Preventing infection is fundamental; streptococcal prophylaxis (eg, with penicillin) is sometimes provided. If wet gangrene is present, broad-spectrum antibiotics are used. Tetanus toxoid is given if vaccination is not up to date. If tissue damage is severe, tissue pressure is monitored (see Compartment Syndrome: Diagnosis).
Adequate nutrition is important to sustain metabolic heat production. Pre-thaw, consider using Doppler ultrasonography to assess pulses and tissue appearance.
Other imaging tests include radionuclide scanning, MRI, microwave thermography, and laser-Doppler flowmetry to help assess circulation, determine tissue viability, and thus guide treatment. MRI and particularly magnetic resonance angiography may establish the line of demarcation before clinical demarcation and thus make earlier surgical debridement or amputation possible. However, whether earlier surgery improves long-term outcome is unclear. Usually, surgery is delayed as long as possible because the black carapace is often shed, leaving viable tissue. Patients with severe frostbite are warned that many weeks of observation may be required before demarcation and the extent of tissue loss become apparent.

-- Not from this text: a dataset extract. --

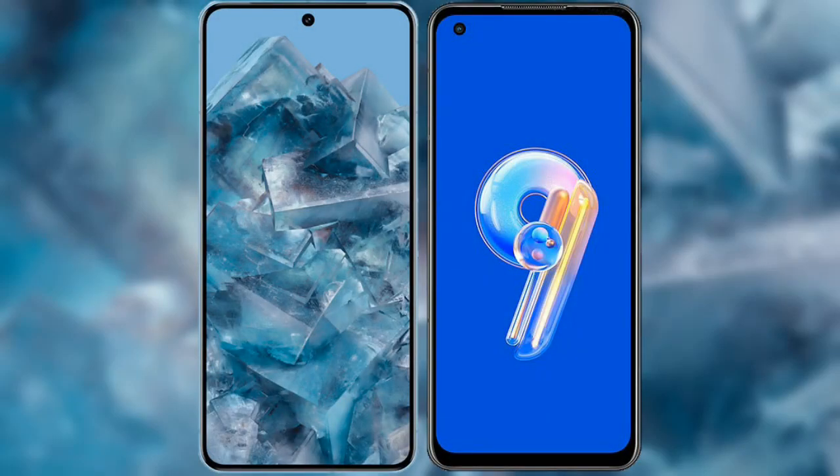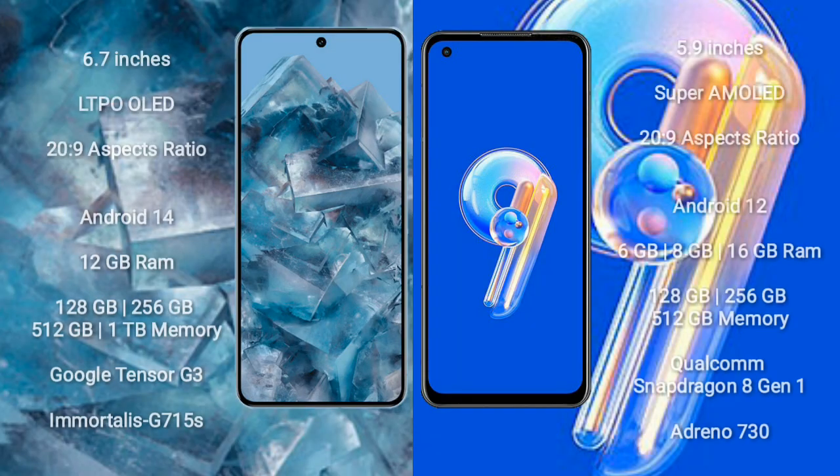I will compare the new Google Pixel 8 Pro with Asus Zenfone 9. Google Pixel 8 Pro comes with a 6.7-inch LTPO OLED display. Asus Zenfone 9 comes with a 5.9-inch Super AMOLED display.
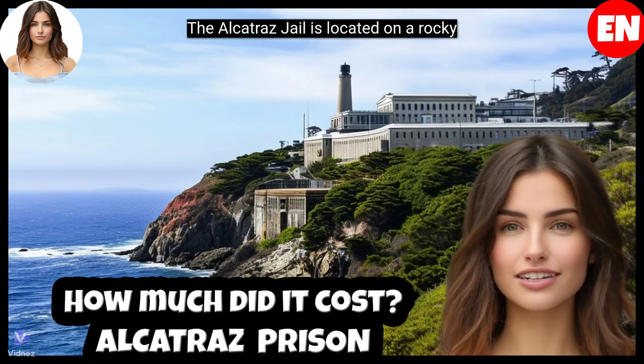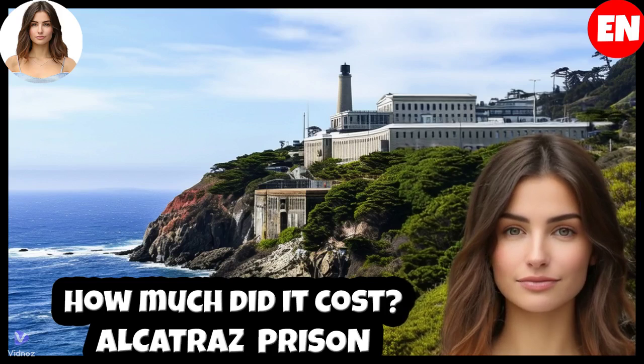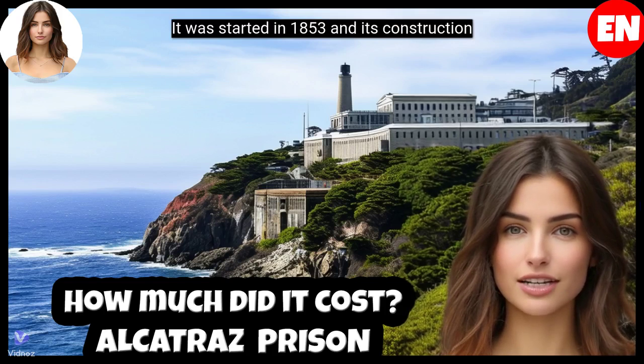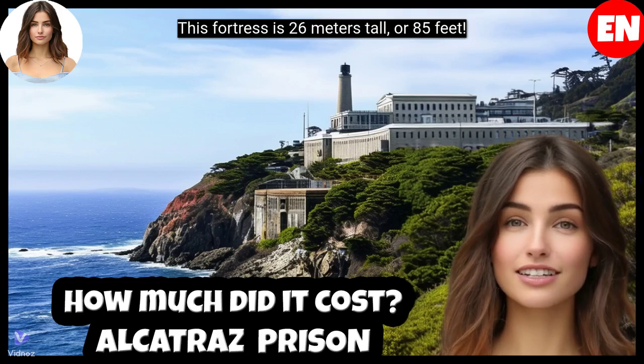The Alcatraz Jail is located on a rocky island in San Francisco Bay, United States. It was started in 1853 and its construction took 11 years. This fortress is 26 meters tall, or 85 feet.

Whirlpool baths at 37°C 3 times a day followed by gentle drying, rest, and time are the best long-term management. No totally effective treatment for the long-lasting symptoms of frostbite (eg, numbness, hypersensitivity to cold) is known, although chemical or surgical sympathectomy may be useful for late neuropathic symptoms.
Depth of injury is difficult to recognize initially, although blood-filled blisters indicate deeper damage.
Thaw frostbitten tissue as soon as possible using water that is tolerably warm to the touch (40 to 42° C); analgesia is usually required.
Avoid thawing and refreezing.
Keep affected areas uncovered, clean, dry, and elevated.
Black tissue may represent a black carapace that will be shed or gangrene that will require amputation; surgery may be delayed until the demarcation is clear.
Neuropathic symptoms (eg, sensitivity to cold, numbness) may persist indefinitely.